In a general discussion on principles to be highlighted in the instrument, both in Article 5 and throughout, the observer for the State of Palestine, on behalf of the Group of 77, underscored the importance of including the principle of common heritage of mankind.  Algeria’s delegate, on behalf of the African Group, proposed a transparency principle to be included in the instrument.  Jamaica’s delegate, on behalf of CARICOM, said there must be a cohesive list of principles, including the common heritage of mankind and “polluter pays” principle.  Nauru’s delegate, on behalf of Pacific small island developing States, said the ambitious instrument should consider the effects of climate change on the ocean’s health.

In other business, the representative of Fiji (on behalf of the Pacific small island developing States) proposed a new article drafted by the Group of Friends of Traditional Knowledge on related items considered in recent days.

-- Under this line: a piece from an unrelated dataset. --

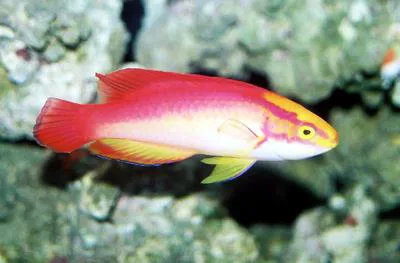 Flame wrasse (Cirrhilabrus jordani)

Also speaking today were the representatives of Togo, Cameroon, Dominican Republic, Eritrea, Singapore and Belize, as well as the observer for the Holy See.

The representatives of the International Council of Environmental Law, International Seabed Authority, International Union for the Conservation of Nature, International Maritime Organization (IMO), World Wide Fund for Nature, ICPC, High Seas Alliance and the Food and Agriculture Organization of the United Nations (FAO) also participated.

For information media. Not an official record.